Problem requirements:
All lines from the one containing "MDF 144cm H Media Shelves, Black" through the end of the material are to be given back exactly, without pictures.

Given data:
================

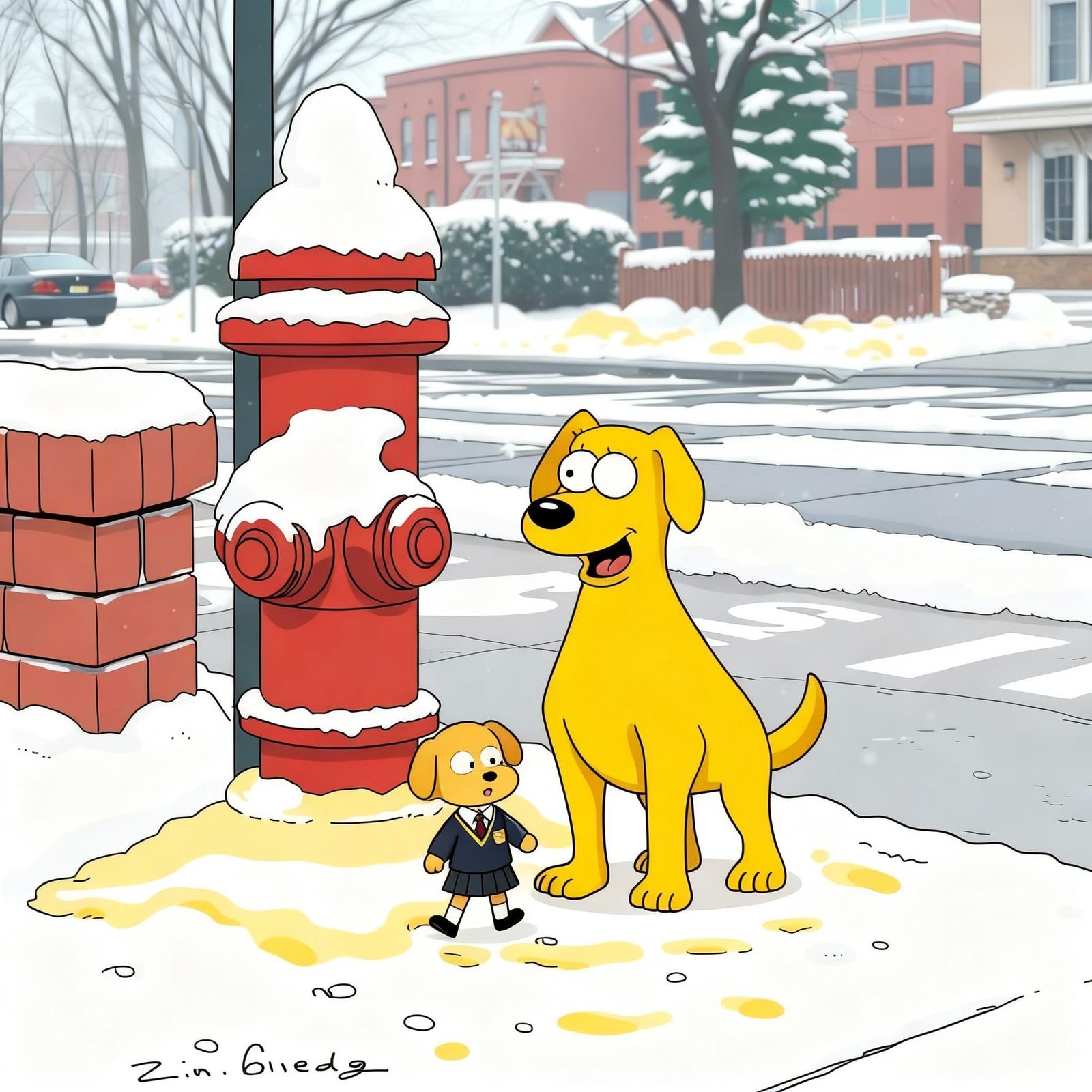 Adorable Pup in School Uniform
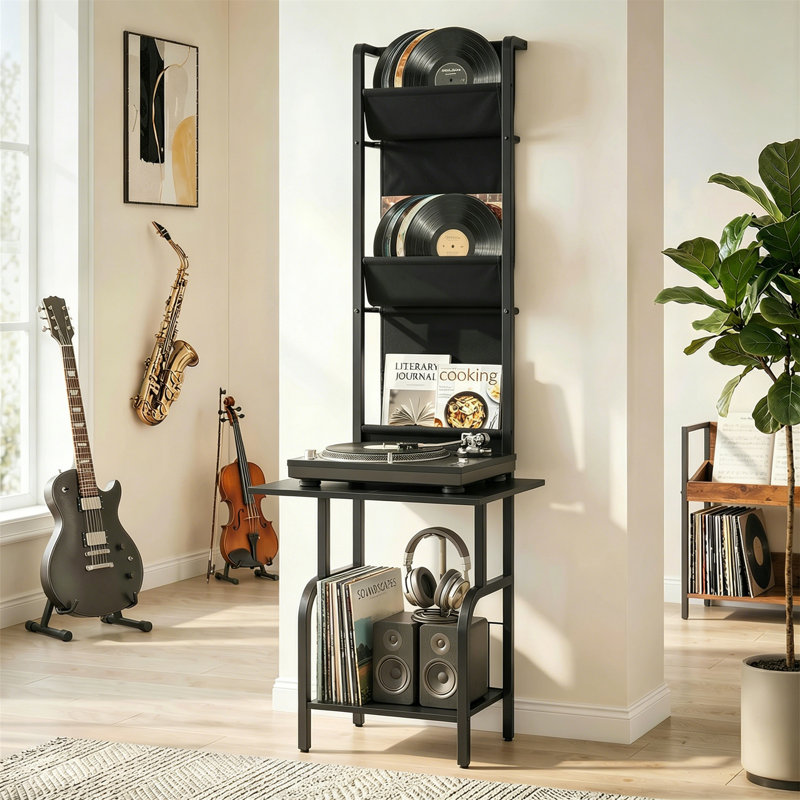 MDF 144cm H Media Shelves, Black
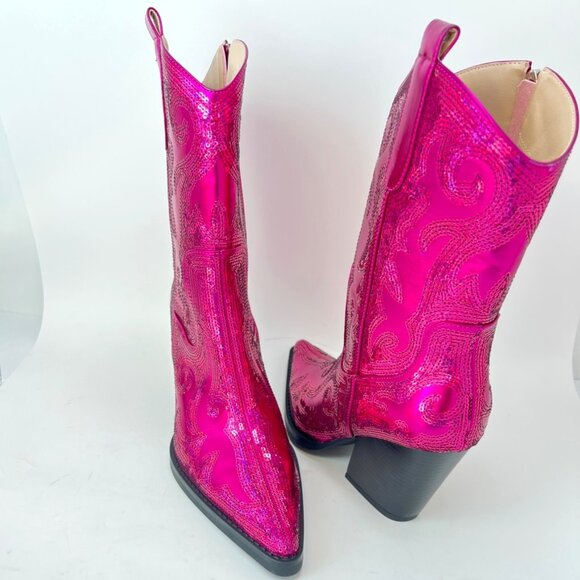 Azalea Wang Merril Sequin Pink Fuchsia Western Boots Size 9 - Picture 3 of 10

================

Task response:
 MDF 144cm H Media Shelves, Black
 Azalea Wang Merril Sequin Pink Fuchsia Western Boots Size 9 - Picture 3 of 10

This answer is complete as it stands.